Data section:
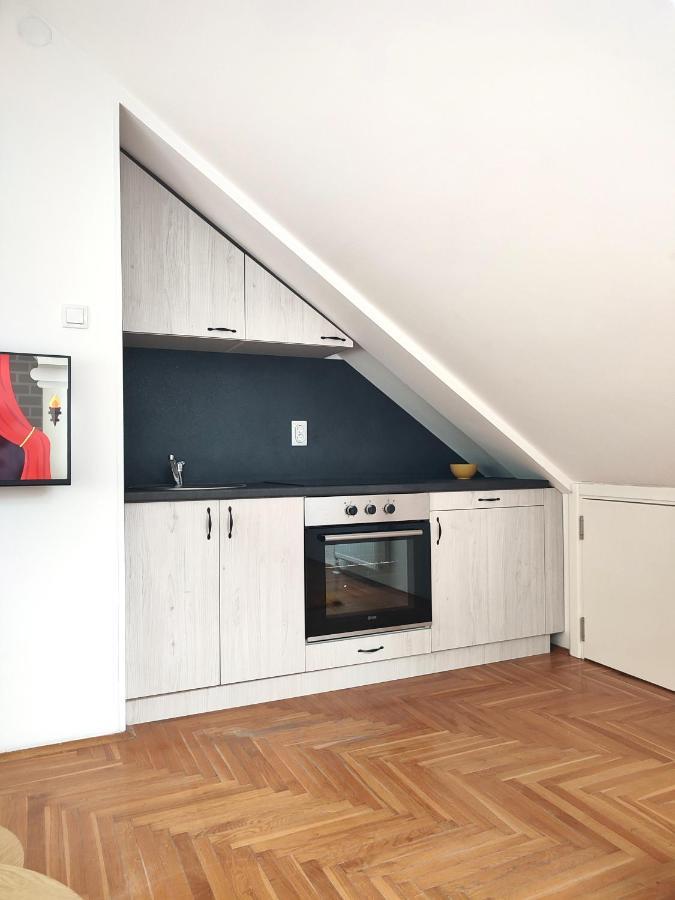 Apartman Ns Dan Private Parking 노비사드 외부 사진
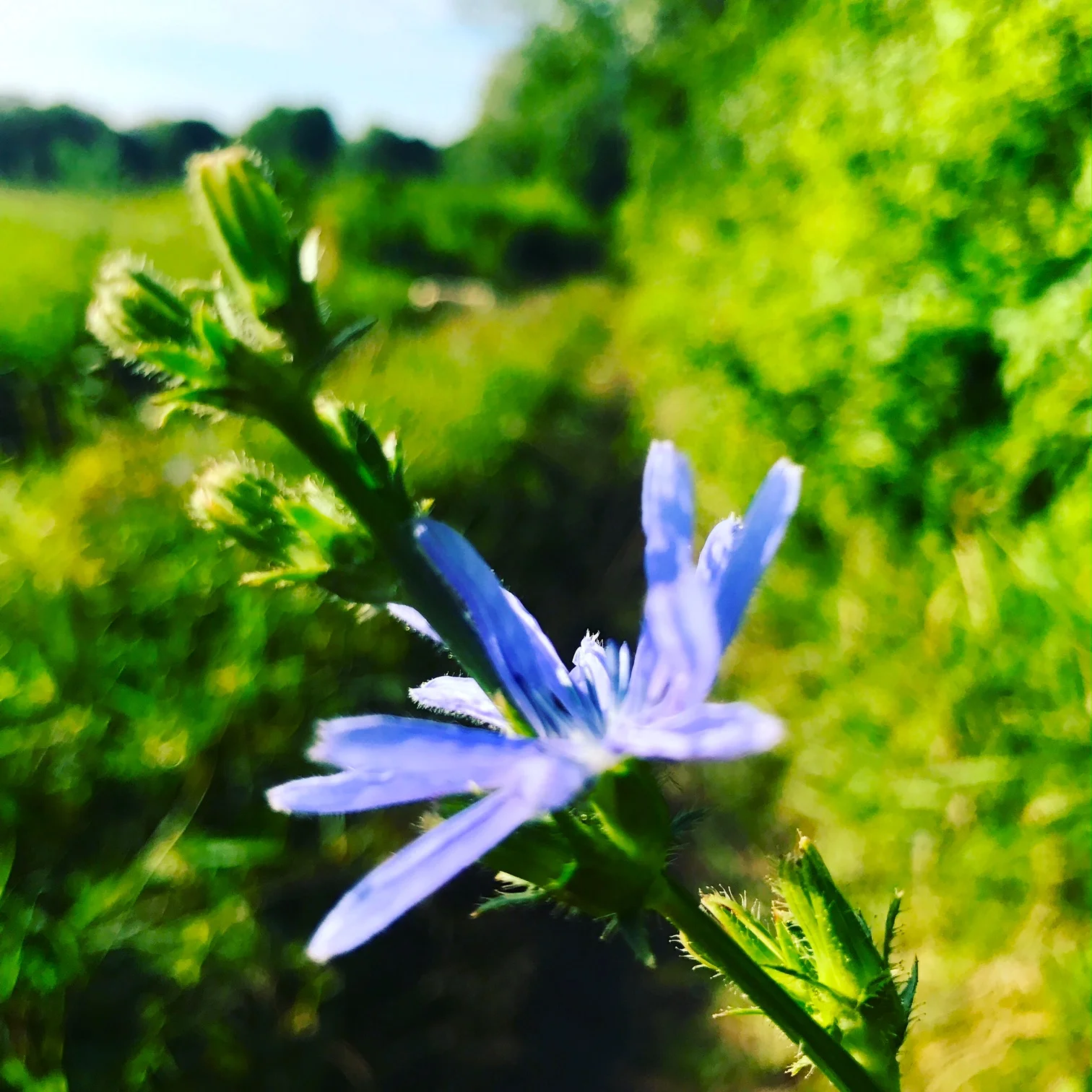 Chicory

--

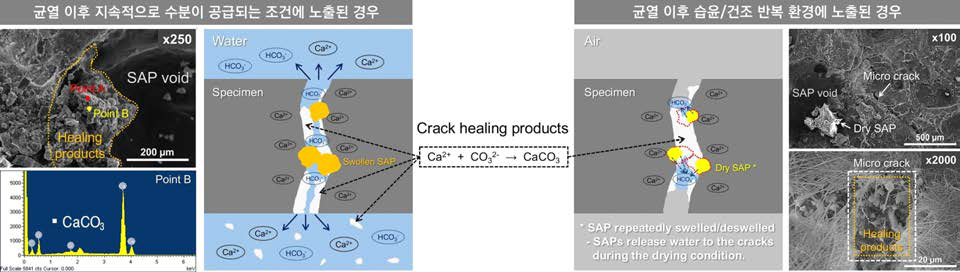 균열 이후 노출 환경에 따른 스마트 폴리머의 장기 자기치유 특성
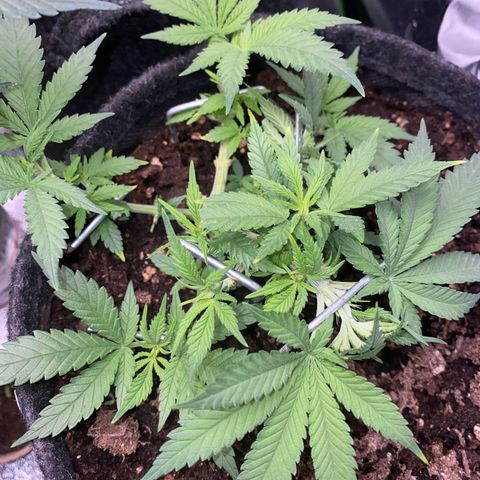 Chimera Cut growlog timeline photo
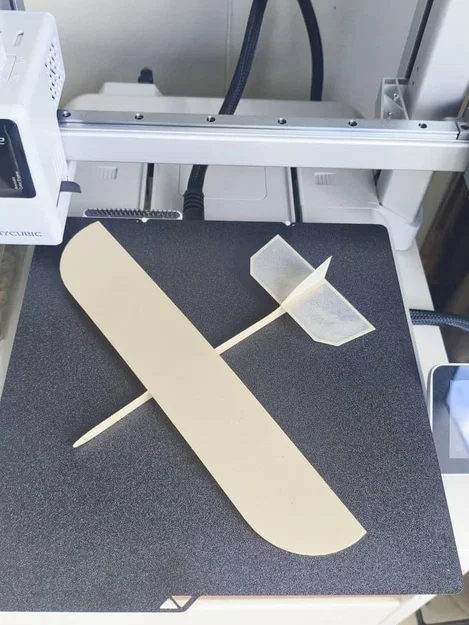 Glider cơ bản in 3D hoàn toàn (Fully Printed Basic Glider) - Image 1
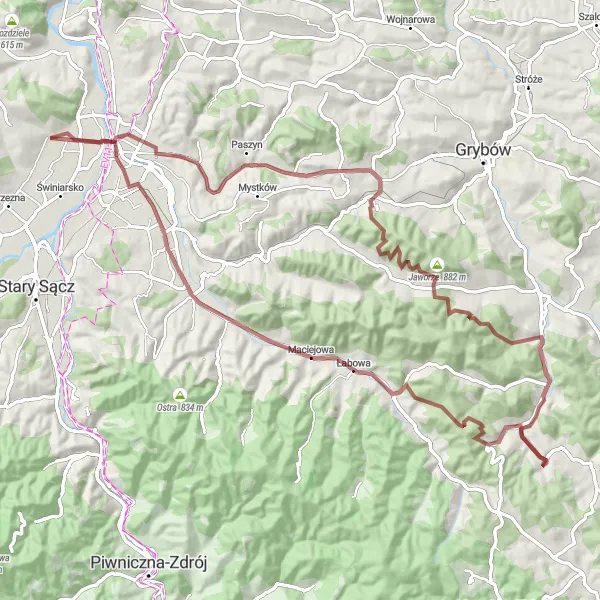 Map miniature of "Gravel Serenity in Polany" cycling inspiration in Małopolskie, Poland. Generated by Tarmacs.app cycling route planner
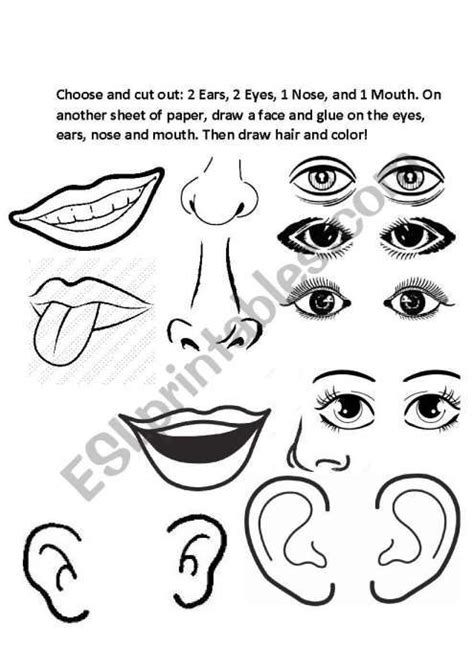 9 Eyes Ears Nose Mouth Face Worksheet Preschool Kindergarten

* * *

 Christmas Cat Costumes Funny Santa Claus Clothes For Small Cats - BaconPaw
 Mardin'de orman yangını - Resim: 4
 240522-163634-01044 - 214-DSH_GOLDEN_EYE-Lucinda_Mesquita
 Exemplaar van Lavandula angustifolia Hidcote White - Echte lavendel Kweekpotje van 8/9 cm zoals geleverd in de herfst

Required action:
Nothing but the lines from the one containing "Chimera Cut growlog timeline photo" through the one containing "9 Eyes Ears" should appear, copied exactly from the material above and without pictures.

Response area:
 Chimera Cut growlog timeline photo
 Glider cơ bản in 3D hoàn toàn (Fully Printed Basic Glider) - Image 1
 Map miniature of "Gravel Serenity in Polany" cycling inspiration in Małopolskie, Poland. Generated by Tarmacs.app cycling route planner
 9 Eyes Ears Nose Mouth Face Worksheet Preschool Kindergarten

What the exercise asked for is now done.